これからの日本は、いったいどこへ向かおうとしているのか。
「総中流」社会から、「生活困窮」「孤立無業」の格差社会へ――そんな時代の流れを象徴するかのように、現場で介護の仕事に従事している職員から、衝撃的な話を聞いた。
都内の会社で介護職を務めるBさんは、高齢者の介護のために訪れた家庭で、要介護者の息子や娘たちが、奥の部屋の扉を閉めて引きこもっているケースを数多く見てきたという。
Bさんは、主にケアマネージャーからの依頼を受けて、要介護者の自宅に入り、家事や身の回りの世話などを行ってきた。

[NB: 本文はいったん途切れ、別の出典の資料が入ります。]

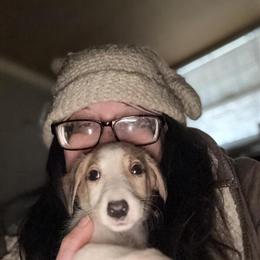 Collie Puppy Waiting for Adoption in Aurora, in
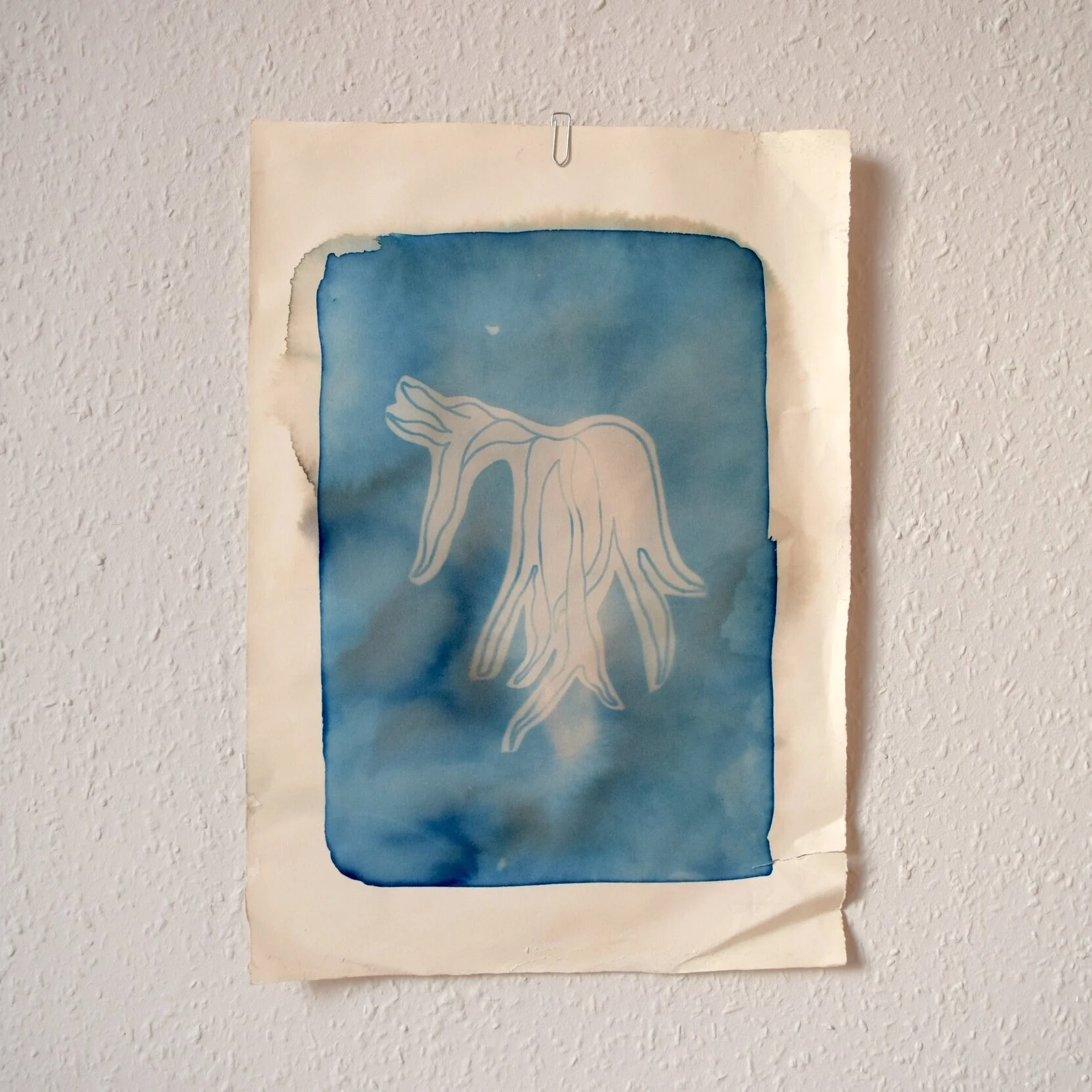 Fern_Cyanotype_7.jpg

しかし、紹介を受ける相手は、70代、80代といった高齢者が多い。そのため、その息子や娘といっても、年齢は30代、40代、ときには50代を超える。
まさに、働き盛りであり、傍目から見ると「働けるはず」と思える世代が、いつも家の中にいて、働けない状況にあるというのだ。
中でも、東京の郊外に住む80代のA子さんの家庭は大変だった。
息子夫婦と孫4人が“引きこもり”
一家の生活費は80代女性の年金頼み
Bさんが彼女の介護のため、自宅を訪ねると、50代後半の息子夫婦は、2人ともずっと家の中にいて、仕事をしていない状況だった。
さらに、4人いる20代の孫は、不登校からの延長で、いまも全員、仕事に就くことができずにいた。
「引きこもり」状態の人たちが増えているのは、なにも少子化・核家族化を背景にした社会特有の問題というわけではない。たとえ、いまどき珍しくなった大家族であっても、A子さんの息子夫婦、孫4人の計6人が、同じ屋根の下で、丸ごと“引きこもり”状態という家庭もあるのだ。